▸ **Data for review**:

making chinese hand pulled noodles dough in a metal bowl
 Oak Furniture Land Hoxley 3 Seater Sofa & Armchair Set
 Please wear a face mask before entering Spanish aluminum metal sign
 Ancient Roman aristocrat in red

...

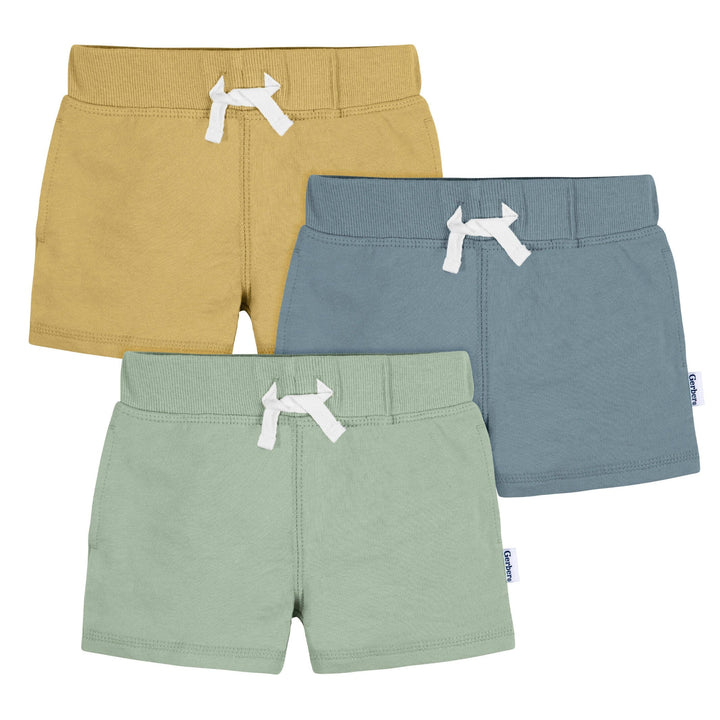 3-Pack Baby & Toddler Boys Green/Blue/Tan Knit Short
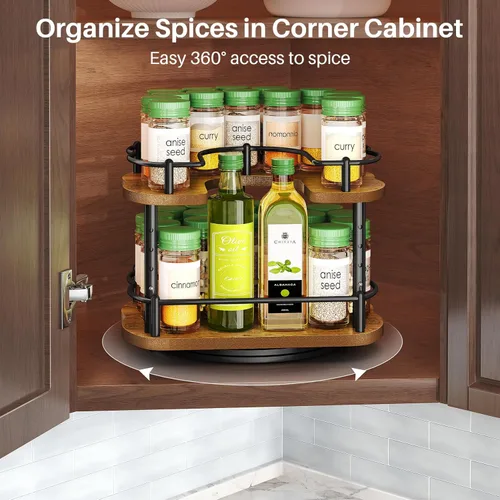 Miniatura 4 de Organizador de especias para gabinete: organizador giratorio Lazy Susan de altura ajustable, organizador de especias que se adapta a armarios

==

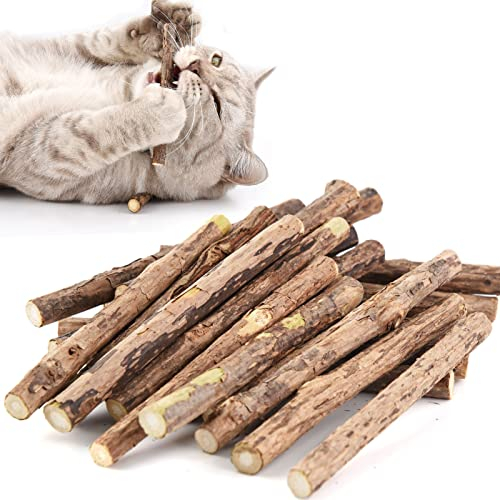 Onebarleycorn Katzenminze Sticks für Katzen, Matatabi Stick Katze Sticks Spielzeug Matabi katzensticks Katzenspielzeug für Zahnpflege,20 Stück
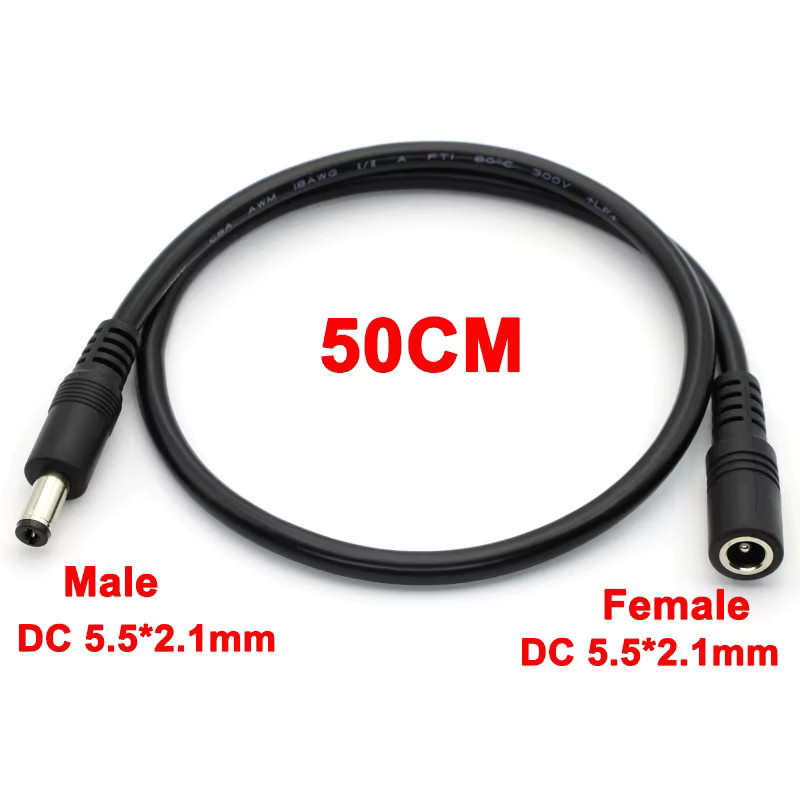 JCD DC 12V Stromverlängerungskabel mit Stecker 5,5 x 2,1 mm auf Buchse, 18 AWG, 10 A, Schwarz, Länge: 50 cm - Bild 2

▸ **What you will do**:
I'd like the lines above from the one with "making chinese hand" up to and including the one with "Ancient Roman aristocrat in red" copied exactly, with no other lines.

▸ **Written response**:
making chinese hand pulled noodles dough in a metal bowl
 Oak Furniture Land Hoxley 3 Seater Sofa & Armchair Set
 Please wear a face mask before entering Spanish aluminum metal sign
 Ancient Roman aristocrat in red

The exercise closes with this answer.